Records for this task.
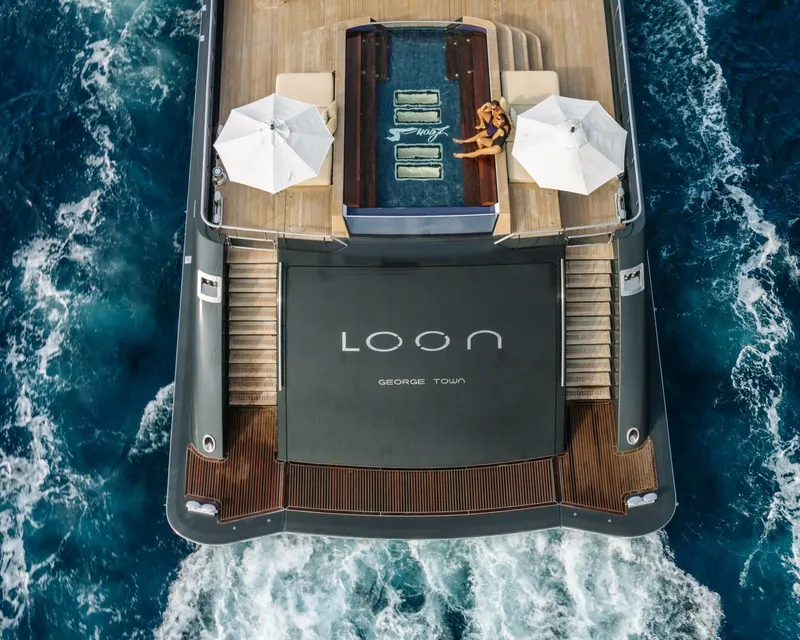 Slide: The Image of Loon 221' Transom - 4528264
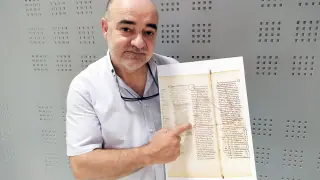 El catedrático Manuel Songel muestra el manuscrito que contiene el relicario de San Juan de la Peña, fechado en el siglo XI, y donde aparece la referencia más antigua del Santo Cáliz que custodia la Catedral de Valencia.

...

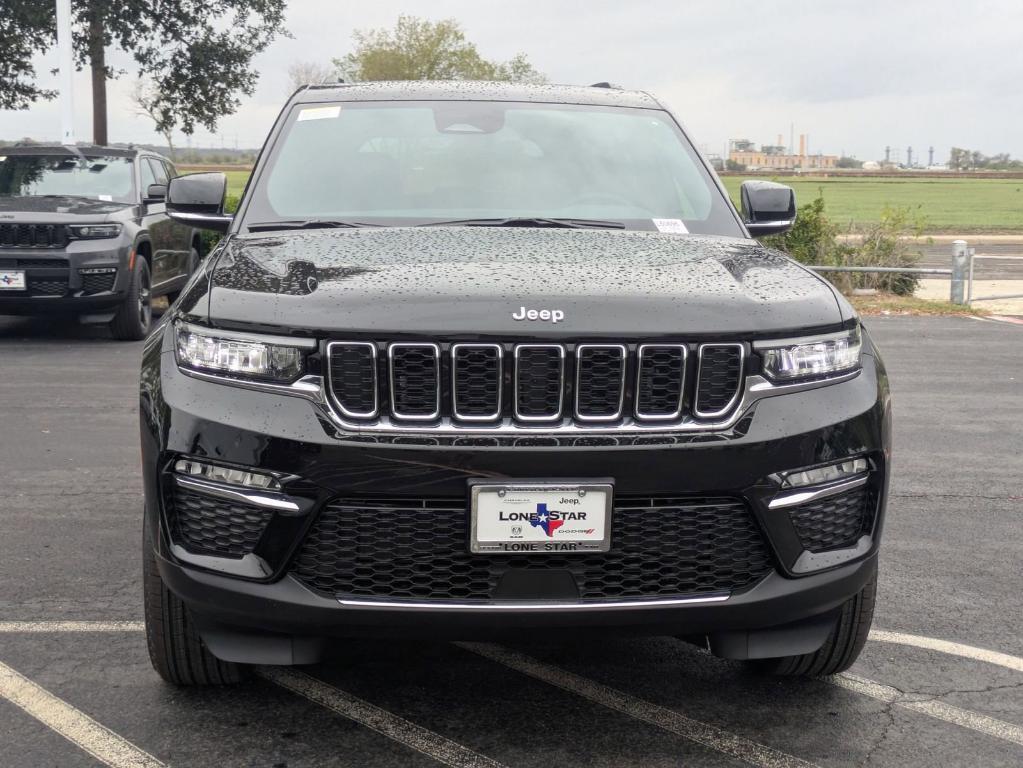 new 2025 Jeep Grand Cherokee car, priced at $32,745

...

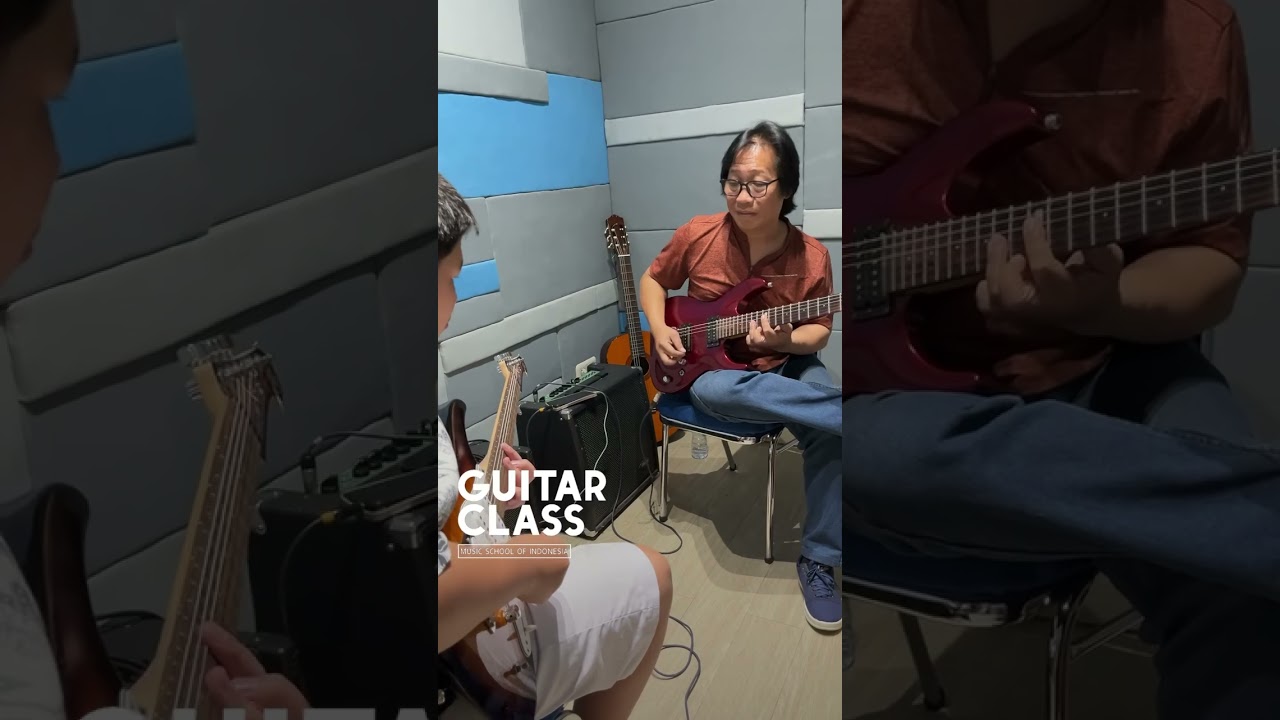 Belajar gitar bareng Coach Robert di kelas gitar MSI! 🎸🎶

Your assignment.
Now transcribe the lines above exactly, starting at the line containing "Slide: The Image" and ending at the line containing "El catedrático Manuel", both lines included, pictures excluded.

Task solution.
 Slide: The Image of Loon 221' Transom - 4528264
 El catedrático Manuel Songel muestra el manuscrito que contiene el relicario de San Juan de la Peña, fechado en el siglo XI, y donde aparece la referencia más antigua del Santo Cáliz que custodia la Catedral de Valencia.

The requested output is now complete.